Chapter 1 of the book deals with discovery of cheating with regards, to sumo wrestlers and teachers. Chapter 2 is about information control in relation to real-estate agents and the Ku Klux Klan. In Chapter 3, the economics of drug dealing, together with low earnings and the horrible working conditions of cocaine dealers are discussed. The role of legalized abortion in crime reduction is discussed in Chapter 4. Chapter 5 talks about the negligible effects that good parenting has on education. Finally, Chapter 6, concerns the socioeconomic patterns of children naming.

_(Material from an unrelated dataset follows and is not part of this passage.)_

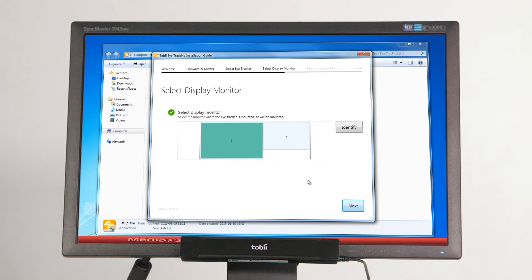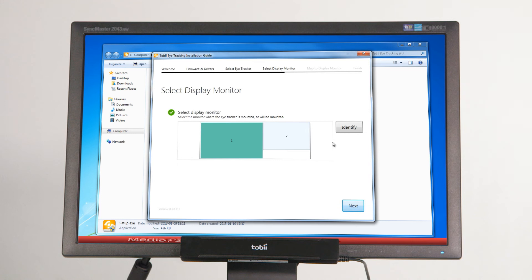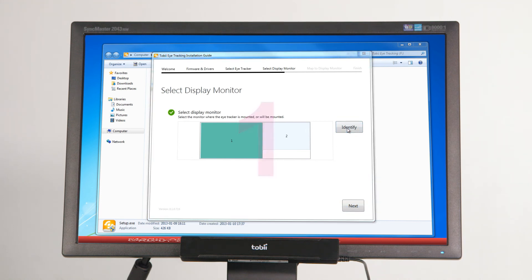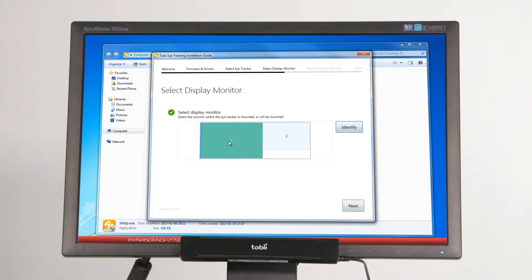The fourth step of the installation asks you to specify on which of the screens connected to your computer the eye tracker is mounted. If you are unsure which screen is number one or number two, click the identify button. When the correct screen has been identified, click on the screen illustration that represents that screen.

The most sensational claim in the book is where Levitt and Dubner argue that legalized abortion reduces rates of crime as stated, “Legalized abortion led to less unwantedness; unwantedness leads to high crime; legalized abortion, therefore, led to less crime” (139). Cheating is the heart of Freakonomics. The book treats readers to a delightful ordinary gallery of rouges of Sumo wrestlers, Chicago schoolteachers, bagel-consuming office workers, as well as realtors. The Chicago school teachers, for example, have the means (access to test forms of students) and motive to cheat. Levitt devises an algorithm that is able to catch cheating teachers. It is also fascinating how the two authors tackle the issue of discrimination. According to Levitt and Dubner, black kindergarten kids perform similar in tests as their white counterparts when parental education and income are controlled. Any variations in their test scores arise because of inequalities in these two factors, as opposed to race. However, a few years later, the emergence of the test score gap between black and white students arise because more black than white students are excessively concentrated in substandard schools, which contributes to their poor performance causing the variation in their test score.

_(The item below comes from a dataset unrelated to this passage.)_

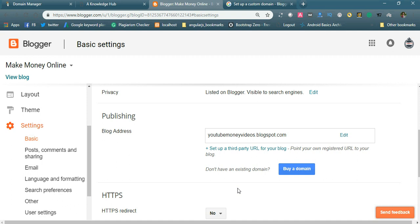Like this, you can create your Blogger blog and simply point it to a separate third-party domain. Thanks for watching. To get more videos, please subscribe to my channel and share and like. Thank you very much.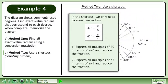In this shortcut, we only need to know two radians: pi over 6 radians, which is 30 degrees, and pi over 4 radians, which is 45 degrees. In the first step, express all multiples of 30 degrees in terms of pi over 6 radians and reduce the fraction. In the second step, express all multiples of 45 degrees in terms of pi over 4 radians and reduce the fraction.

Freakonomics is a concise and well-written book that is not only informative, but also challenging and entertaining. For instance, Levitt’s creativity in devising strategies that detect cheating cannot be ignored. Also, the small percentage of people who cheat is intriguing i.e. 4-5% of school teachers doctor students’ answer sheets, while only 3% of realtors lie to their clients. Considering the fact that incentives increases immorality, the small percentage of those involved in cheating shows that there is a fair amount of honesty existing in the society according to the two authors.

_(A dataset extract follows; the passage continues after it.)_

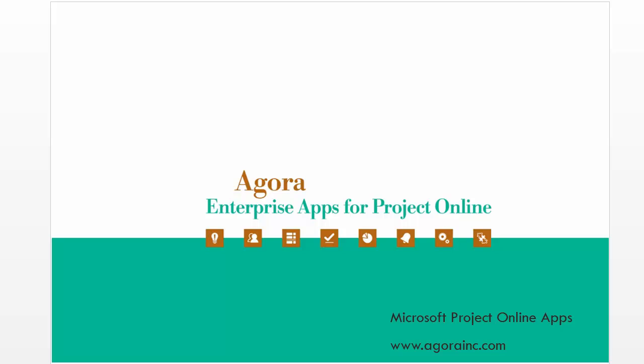Agora Consulting Partners has developed several apps for Project Online. This video will introduce the Status Manager app.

However, this book is not without its fair share of flaws. I strongly refute the claim which states, “Compared to Romanian children born just a year earlier, the cohort of children born after the abortion ban would do worse in every measurable way: they would test lower in school, they would have less success in the labor market, and they would also prove much more likely to become criminals” (p. 118). The opposite of this statement is true as shown in Pop-Eleches (34) which states that, children born in 1967 following the banning of abortions exhibit better labor market and educational achievements than those born before the ban. In addition, I think the book is more of a criminology/sociology work, as opposed to economics work, since very little of its content concerns economics. Also, the bizarre and careless manner in which the authors have used statistics to justify their stance on morality is ridiculous. For instance, in the bagel seller example where Levitt and Dubner reason that because only 13% of people did not pay for bagels when they were left out with a payment box, then 87% of them have an innate honesty. Such generalizations do not make sense since people can pay for bagels out of guilt, or fear of being caught, not necessarily because of the honesty. In general, Freakonomics is an entertaining and informative book that encourages critical thinking.